Following his wedding in early 1929, legendary Notting Dale boxer, Alf Mancini, was set to make his come-back against Carlo Galbusera at Rangers’ Loftus Road on 1st June.
A report appeared in the West London Observer on the following Friday:
‘There were two striking features about the open-air boxing tournament which was held at the Queen’s Park Rangers FC ground at Shepherd’s Bush on Saturday. They were:
1. Will open-air boxing pay?
2. The return to the ring of Alf Mancini?
There is little to discuss about the first feature. Give the public what they want and nothing else, is the only policy for the promoters to adopt.

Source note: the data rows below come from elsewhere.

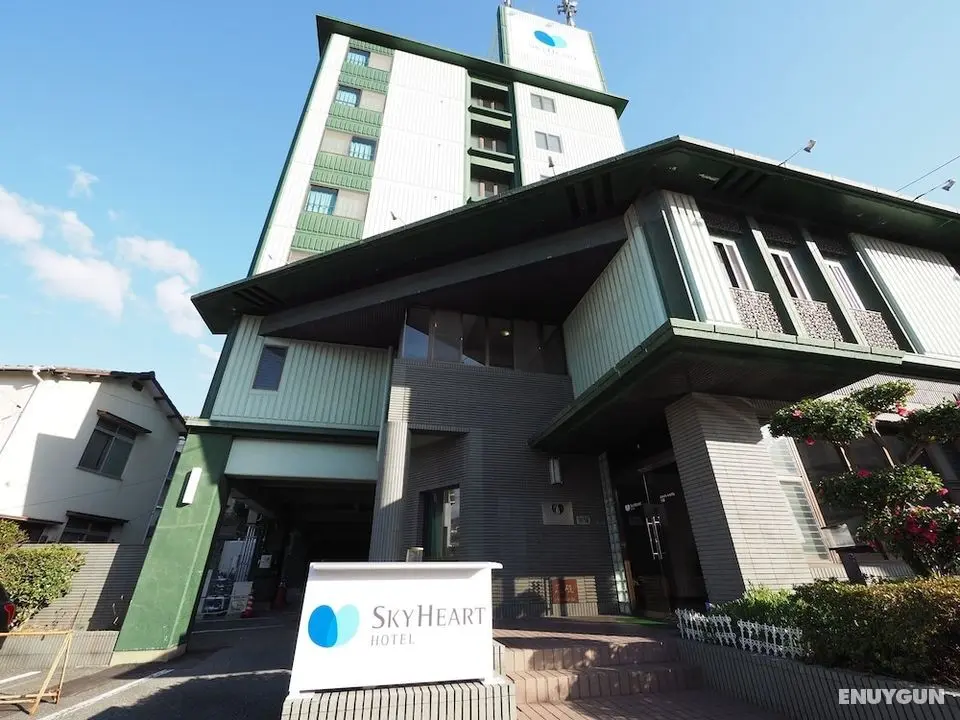 Skyheart Hotel Shimonoseki - Öne Çıkan Resim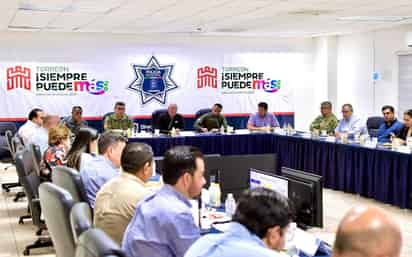 Mantienen atención por lluvias en Torreón; alcalde instruye agilizar labores de desalojo de agua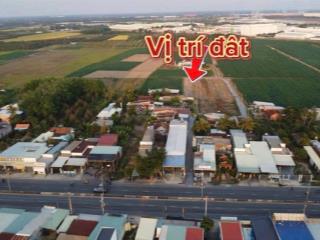 Đất full thổ cư gần khu công nghiệp phước đông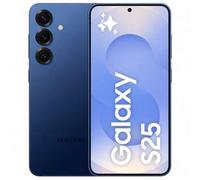 Samsung Galaxy S25 15,8 cm (6.2") SIM doble Android 15 5G USB Tipo C 12 GB 128 GB 4000 mAh Marina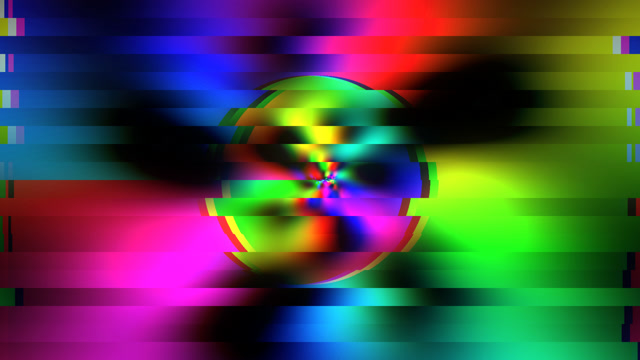 Loop 019 — ProRes 4444 VJ Loop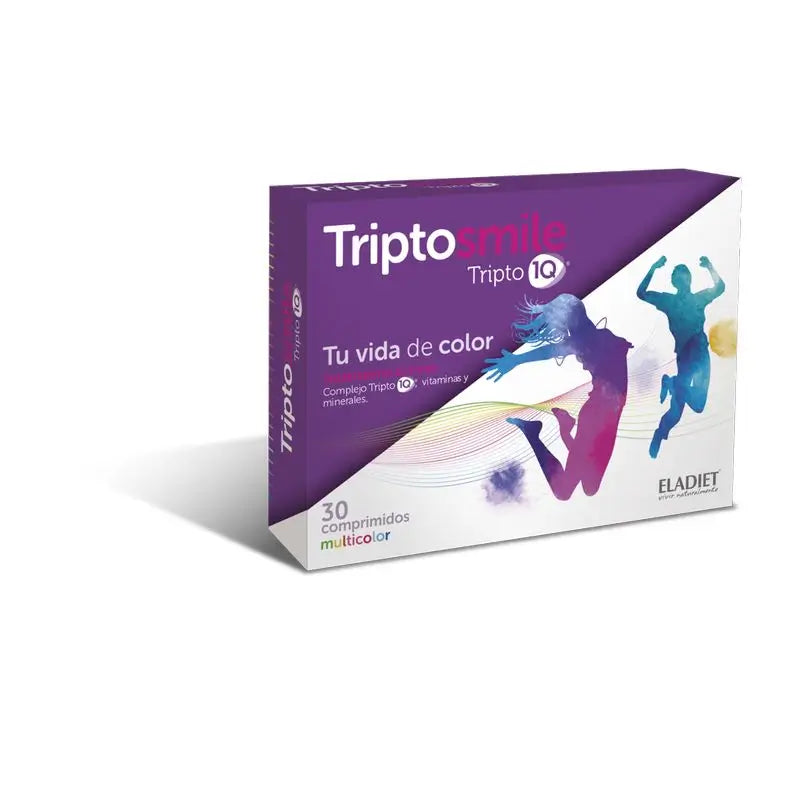 Eladiet Triptosmile , 30 tablets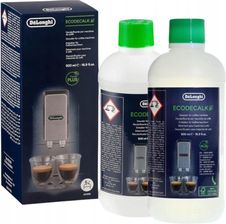 Zdjęcie De'Longhi EcoDecalk DLSC500 2x500 ml - Piastów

Messrs. Jack Gerrard and Fred Dyer carried out that policy on Saturday and were in return rewarded with a capital attendance. The other feature – the possibility of Alf Mancini returning to his best form – remains to be seen.
The Notting Hill welter-weight won comfortably on Saturday, but his opponent, one Carlo Galbusera (Italy) is not in the same class as Alfred. Galbusera possesses little knowledge of the finer arts, and with the exception of toughness, has few assets to his name.
Like most continental boxers, he was well covered, and in the first round sought close quarters, but with little success. Mancini took things coolly in the opening round and continuously made Carlo hit the air.
Then Carlo landed a blow and started the cheering. Alfred countered with straight-arm punches and made the Italian hold.
The second round was a repetition of its predecessor. The third looked like being the same until Carlo landed another blow, which made Mancini hit him and stagger him, and certainly hurt the visitor until the gong went. The Notting Hill man took the next few rounds by wide margins.
In the seventh we saw something of the Mancini of old. The latter commences to give a few samples of his left hook to Carlo, and the latter showed a complete dislike to these. He was forced to hold until Mancini got free and sent over another left hook.
The blow knocked the tough Italian flat on his back, but he rose pluckily, although certainly groggy. At this juncture the Italian’s left eye began to close, and Mancini played on the damaged optic until the conclusion of Galbusera’s retirement in the tenth round.
In a 12-rounds supporting item, Johnny Croxon (Notting Hill) defeated Charlie Thomas (Hammersmith) on points. There was little in it.
Patsy Butler (of Barnes) met with another defeat, this time at the hands of an Irish lad, in the person of Pat Cassidy, who won by a wide margin in an 8-round contest.
In a ten-rounder, Con O’Leary (Ireland) stopped Tom Hall (Blackfriars) in the third round upon the referee’s intervention.’
I wonder if this was the first boxing event held at Loftus Road?